[Opening RECORDS TO USE section]

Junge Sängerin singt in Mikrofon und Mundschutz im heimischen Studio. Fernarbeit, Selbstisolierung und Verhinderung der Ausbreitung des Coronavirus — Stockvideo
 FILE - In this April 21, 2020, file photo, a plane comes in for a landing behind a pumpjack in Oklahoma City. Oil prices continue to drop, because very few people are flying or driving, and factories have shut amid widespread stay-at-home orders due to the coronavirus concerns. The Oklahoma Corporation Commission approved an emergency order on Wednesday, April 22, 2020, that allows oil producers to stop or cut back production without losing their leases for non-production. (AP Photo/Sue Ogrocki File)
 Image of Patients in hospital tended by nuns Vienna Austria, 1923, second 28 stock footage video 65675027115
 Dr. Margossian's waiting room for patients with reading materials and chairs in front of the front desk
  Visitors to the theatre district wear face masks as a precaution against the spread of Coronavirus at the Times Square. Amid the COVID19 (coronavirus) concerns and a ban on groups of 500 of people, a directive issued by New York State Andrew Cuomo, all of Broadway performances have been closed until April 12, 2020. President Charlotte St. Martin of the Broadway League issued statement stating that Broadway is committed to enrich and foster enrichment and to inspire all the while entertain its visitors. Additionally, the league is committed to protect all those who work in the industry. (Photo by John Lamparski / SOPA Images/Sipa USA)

[Closing RECORDS TO USE section]

◆ **YOUR INSTRUCTIONS**
All the lines above are to be copied exactly, with none left out.

◆ **EXPECTED ANSWER**
Junge Sängerin singt in Mikrofon und Mundschutz im heimischen Studio. Fernarbeit, Selbstisolierung und Verhinderung der Ausbreitung des Coronavirus — Stockvideo
 FILE - In this April 21, 2020, file photo, a plane comes in for a landing behind a pumpjack in Oklahoma City. Oil prices continue to drop, because very few people are flying or driving, and factories have shut amid widespread stay-at-home orders due to the coronavirus concerns. The Oklahoma Corporation Commission approved an emergency order on Wednesday, April 22, 2020, that allows oil producers to stop or cut back production without losing their leases for non-production. (AP Photo/Sue Ogrocki File)
 Image of Patients in hospital tended by nuns Vienna Austria, 1923, second 28 stock footage video 65675027115
 Dr. Margossian's waiting room for patients with reading materials and chairs in front of the front desk
  Visitors to the theatre district wear face masks as a precaution against the spread of Coronavirus at the Times Square. Amid the COVID19 (coronavirus) concerns and a ban on groups of 500 of people, a directive issued by New York State Andrew Cuomo, all of Broadway performances have been closed until April 12, 2020. President Charlotte St. Martin of the Broadway League issued statement stating that Broadway is committed to enrich and foster enrichment and to inspire all the while entertain its visitors. Additionally, the league is committed to protect all those who work in the industry. (Photo by John Lamparski / SOPA Images/Sipa USA)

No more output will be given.